### Problem
What you write must match, character for character, the lines from the one with "Leopard cheetah animal print t-shirt dress" down to the one with "3512 Stonefield Drive - Photo Thumbnail 2" in the listing below, minus its pictures.

* * *

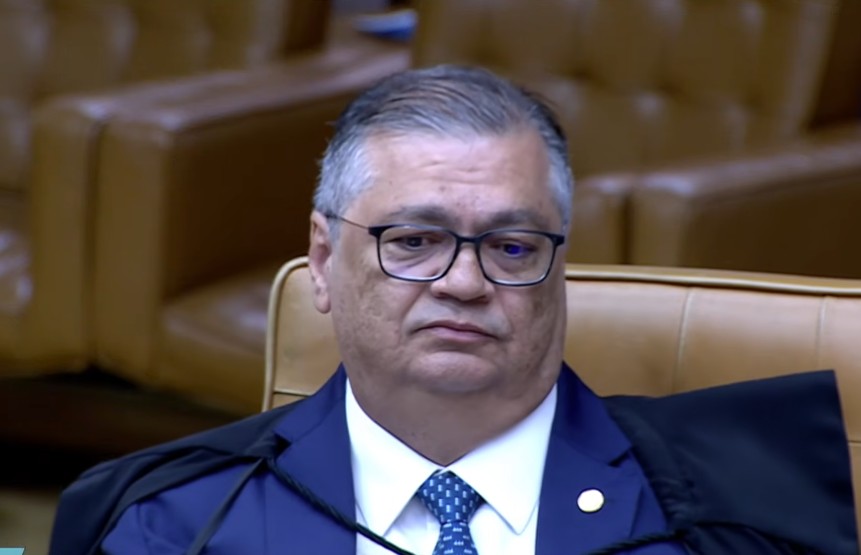 Flávio Dino abre inquérito para apurar o papel da CVM em relação ao Banco Master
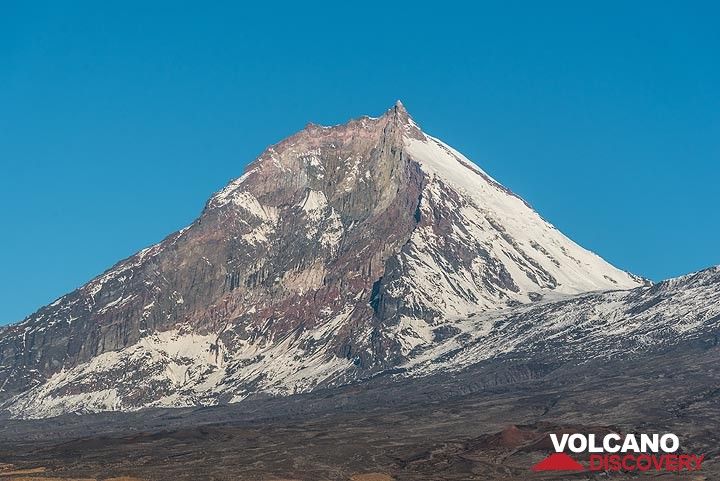 View of Kamen volcano with the eroded southeastern flank. (Photo: Tom Pfeiffer)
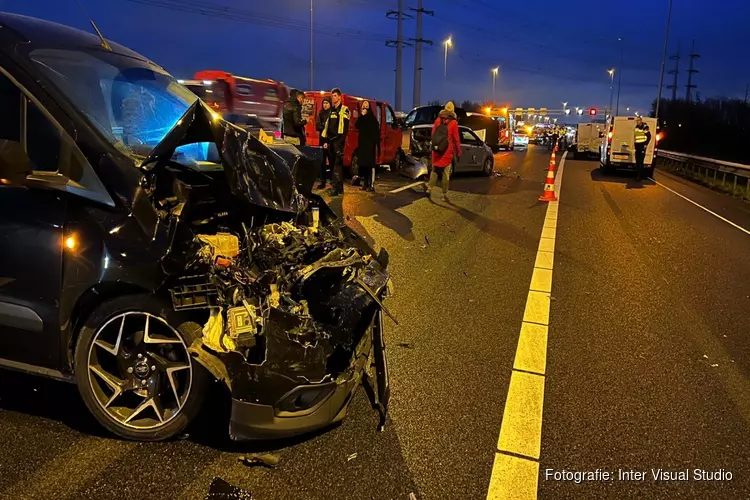 Ravage en lange file na kettingbotsing op A9 bij Spaarndam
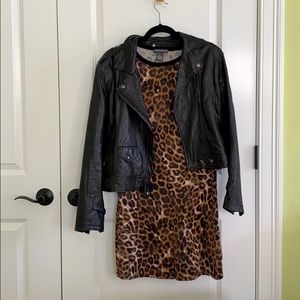 Leopard cheetah animal print t-shirt dress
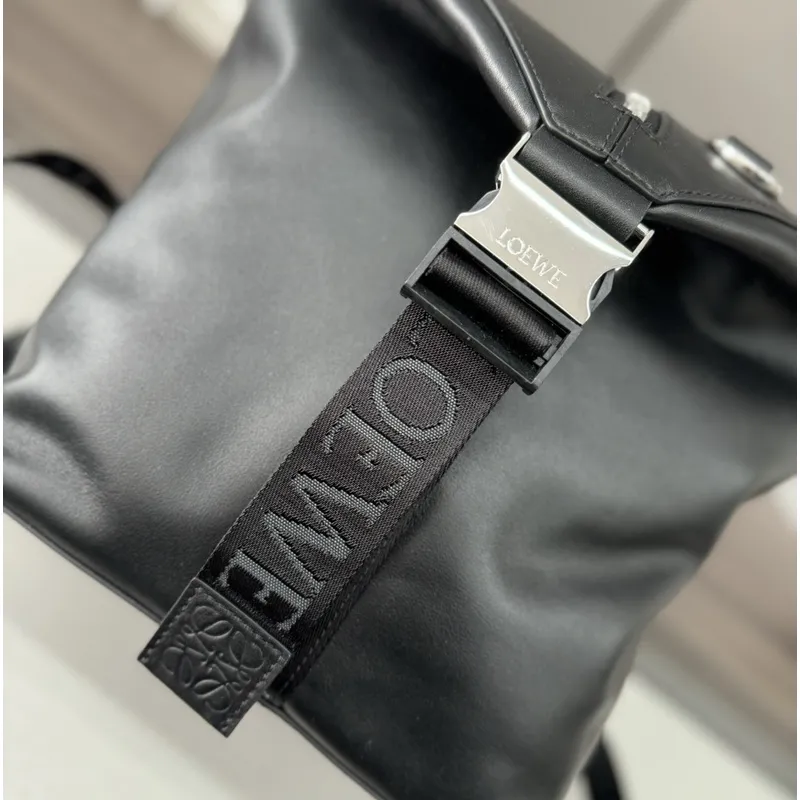 Loewe Black Leather Backpack With Distinctive Zipper And Branding For Modern Urban Style #A50064
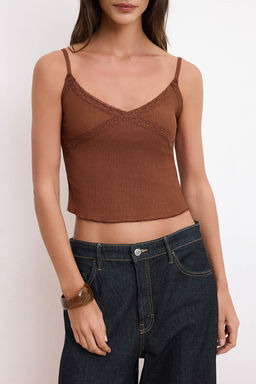 Kahverengi Fitted/Vucuda Oturan Havuz Yaka Dantel Detayl? Crop Dokulu Orme Bluz TWOSS26BZ00160 - Trendyolmilla фото 3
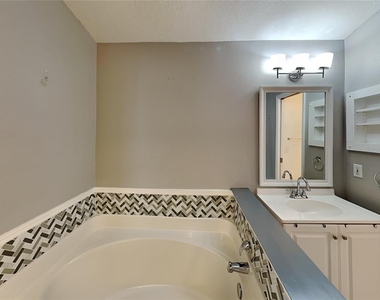3512 Stonefield Drive - Photo Thumbnail 2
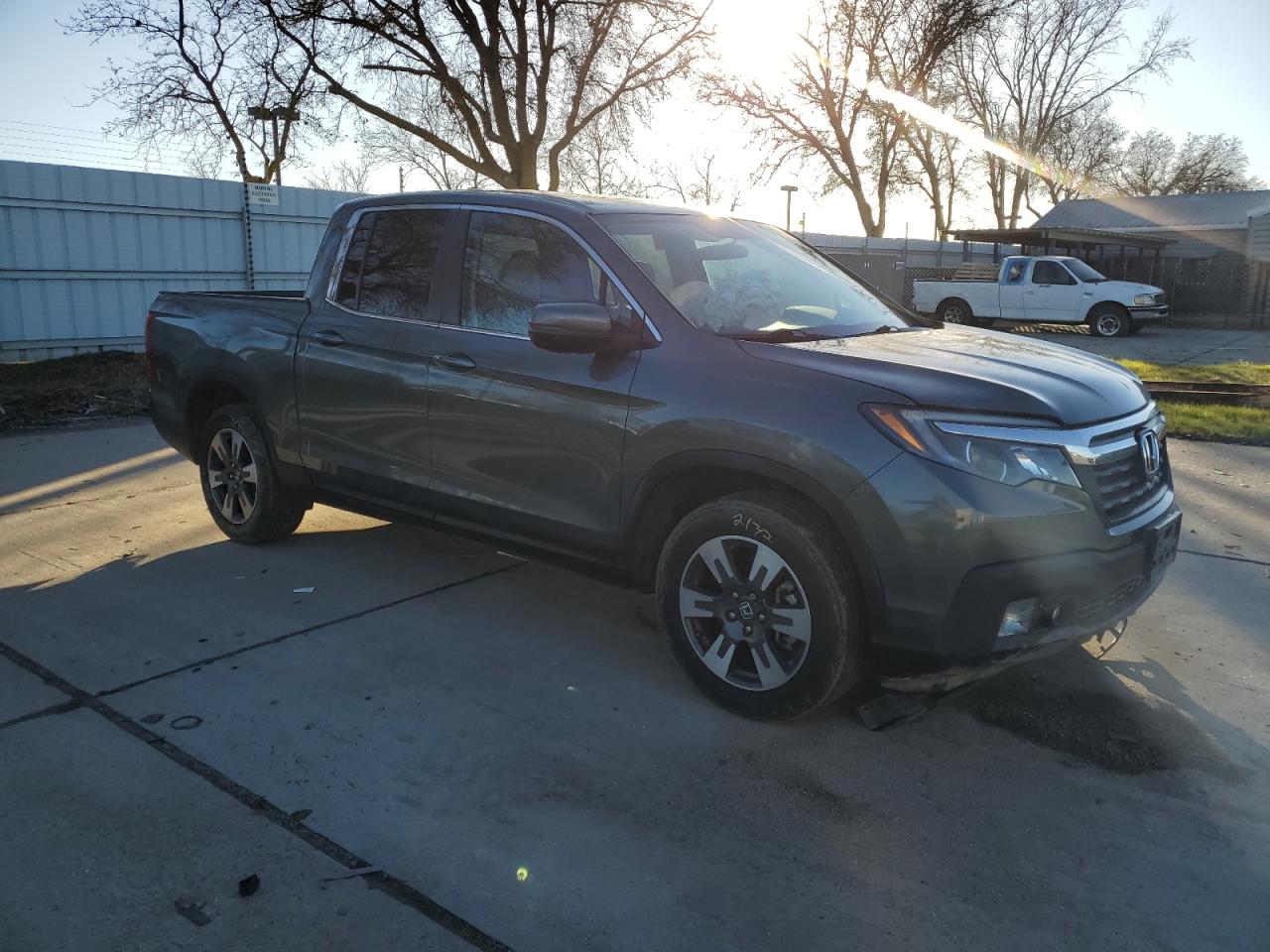 2019 Honda Ridgeline - Image 4
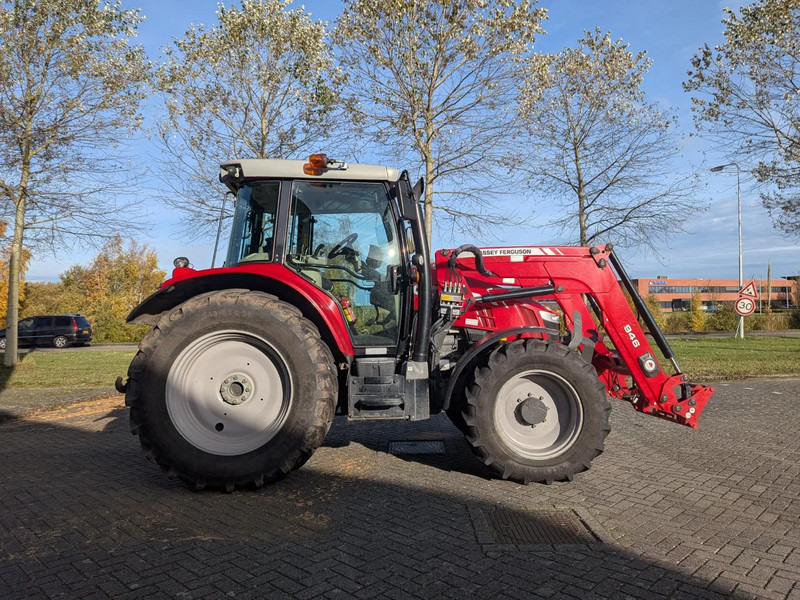 Massey Ferguson MF 5710 SL 5710 SL - Traktor: 4 kép. Massey Ferguson MF 5710 SL 5710 SL - Traktor: 4 kép.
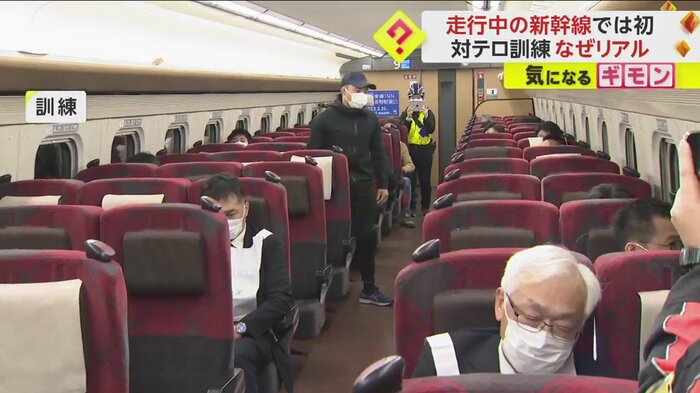 到着を待つ“乗客たち”の中で1人の男が立ち上がる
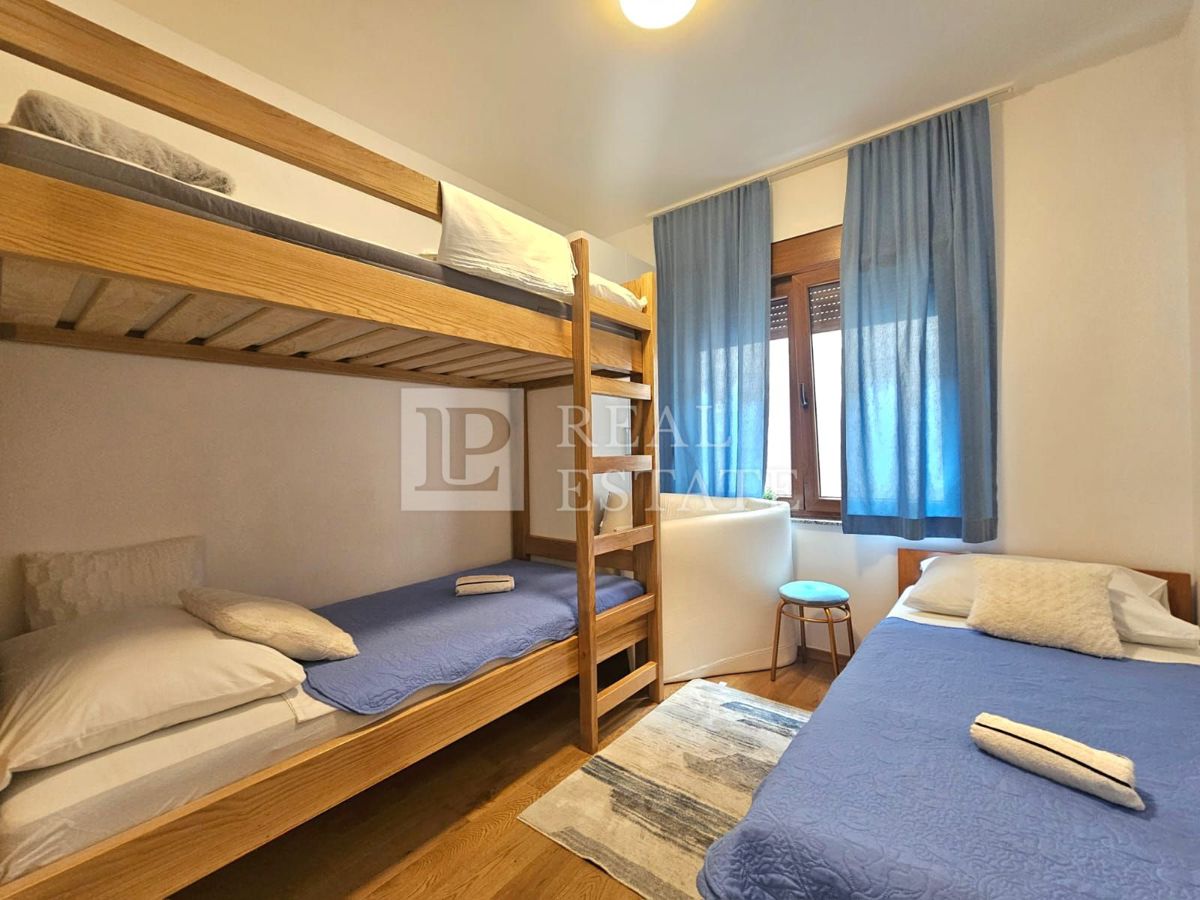 CRIKVENICA - EKSKLUZIVNA PRODAJA - atraktivno stanovanje s teraso in zasebnim parkirnim mestom
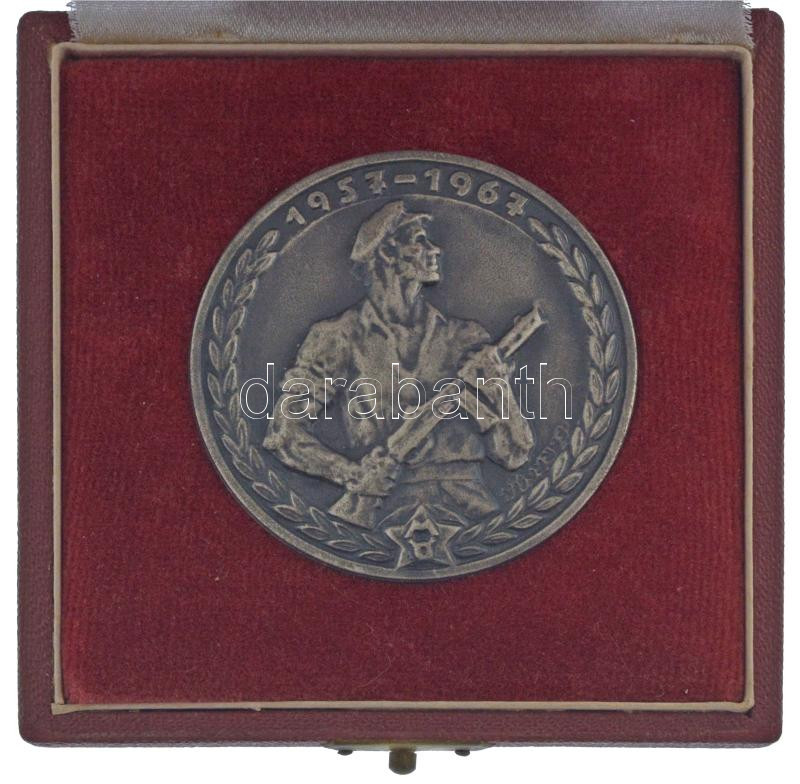 1967. 'Munkásőrség 1957-1967' ezüstpatinázott emlékérem eredeti, sérült dísztokba rögzítve (48mm) T:AU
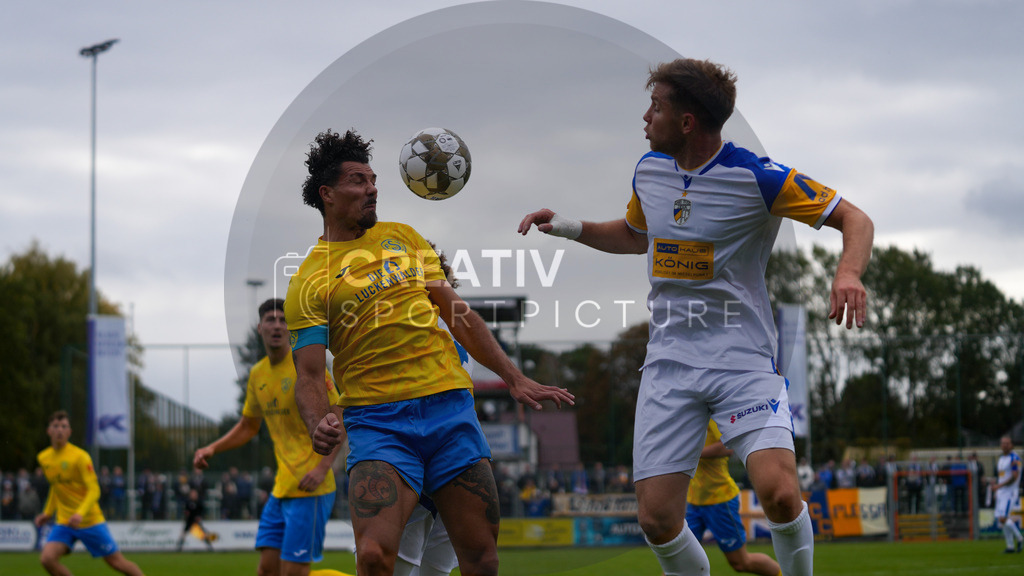 Fußball, Herren, Saison 2025/2026, Regionalliga Nordost, 11. Spieltag, FSV 63 Luckenwalde vs. FC Carl-Zeiss Jena, Samstag 05.10.2025, Werner-Seelenbinder-Stadion Luckenwalde, | Fußball, Herren, Saison 2025/2026, Regionalliga Nordost, 11. Spieltag, FSV 63 Luckenwalde vs. FC Carl-Zeiss Jena, Samstag 05.10.2025, Werner-Seelenbinder-Stadion Luckenwalde, Im Bild: Andreas Pollasch (l. Luckenwalde) und Maxim Hessel (r. Jena) - Realisiert mit Pictrs.com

* * *

### Reply
 Leopard cheetah animal print t-shirt dress
 Loewe Black Leather Backpack With Distinctive Zipper And Branding For Modern Urban Style #A50064
 Kahverengi Fitted/Vucuda Oturan Havuz Yaka Dantel Detayl? Crop Dokulu Orme Bluz TWOSS26BZ00160 - Trendyolmilla фото 3
3512 Stonefield Drive - Photo Thumbnail 2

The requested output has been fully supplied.